1.  Relevant practice concerning the use of special investigative measures in criminal proceedings


.  The relevant practice concerning the use of special investigative measures in criminal proceedings in general and with regard to secret surveillance in particular is set out in the Dragojević case (cited above, §§ 57-60).

2.  Relevant practice concerning the plea of entrapment


.  In its decision no. I Kž-529/04-3 of 24 June 2004 the Supreme Court explained the scope of the admissibility of evidence obtained by the use of undercover agents in the investigation of crime. The relevant part of the decision reads:

“... The results of the use of [special investigative] measures have evidentiary value only if that is expressly provided under the law, and even then, just like any other evidence, they must be compatible with the rules [on the admissibility of evidence set out in] Article 9 of the Code of Criminal Procedure.”

.  The Supreme Court’s case-law on entrapment, set out, for instance, in the judgment I Kž-429/03-7 of 2 September 2003, was further elaborated upon in a case concerning a repeated application of simulated purchase operations (see judgment I Kž 37/02-7, 23 November 2005). The relevant part of the judgment reads:

“The first-instance court correctly found that the undercover agent, owing to the specificity of his assignment, had needed to gain the confidence of G.S., the accused, and for that he had needed some time. This is obvious from the fact that from the moment the use of special investigative measures commenced until their termination, the communications and meetings between ... G.S. and the undercover agent intensified.

Simulated purchase requires that an undercover agent first declare himself or herself a buyer of a particular type and quantity of drugs; it also requires an agreement on the price. This can never be understood as an incitement to an offence ...

Incitement, within the meaning of Article 180 § 5 of the Code of Criminal Procedure, would have occurred only if the undercover agent, before ... G.S. had made a decision to procure and sell the drugs together with other co-perpetrators of the offence, had repeatedly encouraged [the accused] to commit an offence (or bolstered such an initial decision [which the accused] had made), which was not the situation in the present case ...”
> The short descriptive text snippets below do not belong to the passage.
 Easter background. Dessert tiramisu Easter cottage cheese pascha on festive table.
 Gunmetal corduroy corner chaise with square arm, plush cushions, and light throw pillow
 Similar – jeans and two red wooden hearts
.  The relevant case-law of the Constitutional Court on pleas of entrapment (U-III-1393/2007, 2 June 2010) reads as follows:

“... [T]he Constitutional Court points out that the legitimate power and duty of the State, particularly in the early stages of the proceedings, is to use different investigative methods related to the nature of the particular criminal offence that is being investigated. This in particular concerns serious criminal offences which are difficult to detect such as the abuse of drugs, money laundering, illicit trafficking in arms or human beings, property crime, corruption, economic crime and other forms of organised crime. One such investigative method is the use of undercover agents under Article 180 § 1 of the Code of Criminal Procedure. The precondition for their use, the competency for their authorisation and supervision, as well as the duration [of their use], and the assessment of the results for the purpose of their use [in the proceedings] is set out in detail in that law ...
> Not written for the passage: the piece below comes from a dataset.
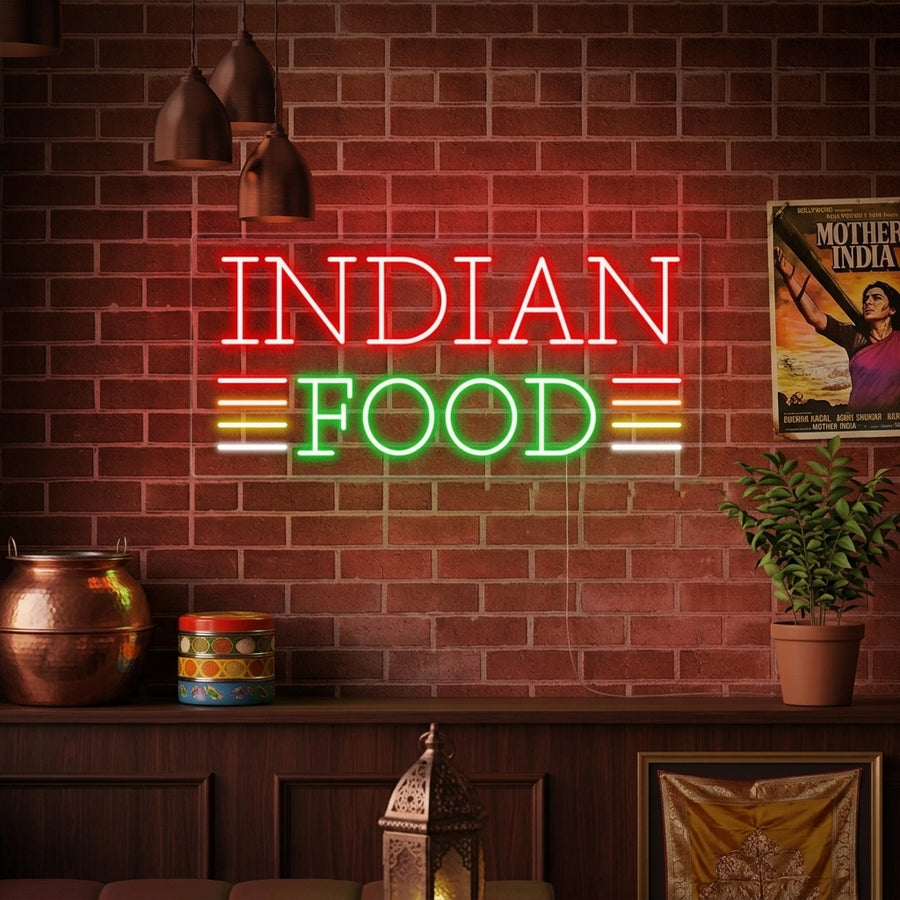 Vibrant "INDIAN FOOD" neon sign glowing warmly on a rustic brick wall inside a bustling restaurant, surrounded by traditional decor.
[In the case at issue] the evidence clearly shows, as the lower courts correctly established, that the statement of the undercover agent, according to which the appellant would be paid a certain sum of money for the delivered drugs, could not be considered – either objectively or subjectively – as incitement under Article 37 of the Criminal Code because [such an] invitatio ad offerendum was only a general, abstract expression of the readiness of the undercover agent to pay a certain sum of money for the delivered drugs, after which the appellant voluntarily continued communicating with him so as to draw personal benefit from the abstract readiness of the “buyer” [to buy the drugs].

The statement of the undercover agent in the case at issue was not therefore a conditio sine qua non for the appellant’s criminal activity, that is to say an action which otherwise he would not have undertaken. On the contrary, the first-instance court and the Supreme Court found that, even without [the undercover agent’s statement] he had been predisposed to commit the offence for which he had been convicted (‘... predisposed to commit offence ...’, the ECHR judgment of 9 April 1998 in the case of Teixeira de Castro v. Portugal, § 38). ...”
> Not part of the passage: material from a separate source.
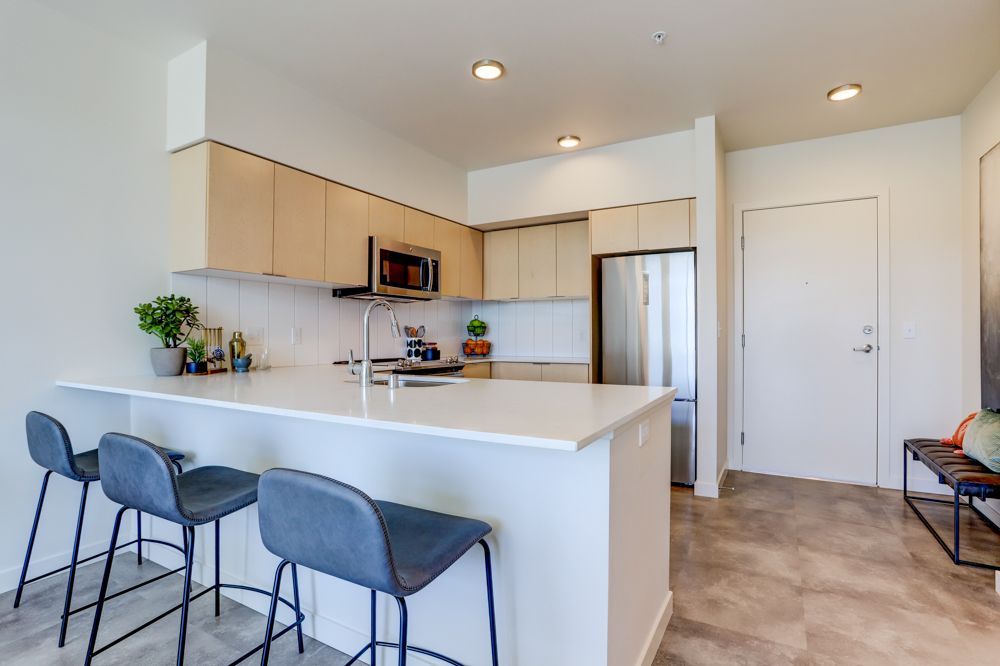 Modern kitchen with white counters, light wood cabinets, stainless fridge, and blue bar stools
3.  Other relevant practice


.  On 28 January 2009, in case no. U-III-5423/2008, the Constitutional Court examined a constitutional complaint by one of the applicant’s co-accused, R.P., concerning the lack of impartiality of a Supreme Court judge who had previously participated in the proceedings at issue by taking certain actions as a judge of the Zagreb County Court. When finding a violation of the appellant’s right to a fair trial in this respect, the Constitutional Court noted the following:

“6.2 ... In addition, [Z.K.] has examined a written application by the appellant’s defence lawyer to allow her access to and to copy the [material] gathered by the use of special investigative measures in order for her to be able to prepare the defence. However, contrary to Article 68 of the Code of Criminal Procedure, which guarantees to a defence lawyer the right to have access to and [the possibility] to obtain the evidence immediately at the beginning of the criminal proceedings, he did not allow that application but rather [archived until further notice], that is to say, he adjourned his decision for a future undetermined moment in the proceedings ...”


III.  RELEVANT INTERNATIONAL AND COMPARATIVE MATERIAL


.  The relevant international material on special investigative measures is set out in the case of Ramanauskas v. Lithuania [GC], no. 74420/01, §§ 35-37, ECHR 2008. See also Dragojević, cited above, §§ 62-66.

.  A comparative law study on the use of undercover agents in covert operations in the Council of Europe Member States is outlined in the case of Veselov and Others v. Russia, nos. 23200/10, 24009/07 and 556/10, §§ 50-63, 2 October 2012).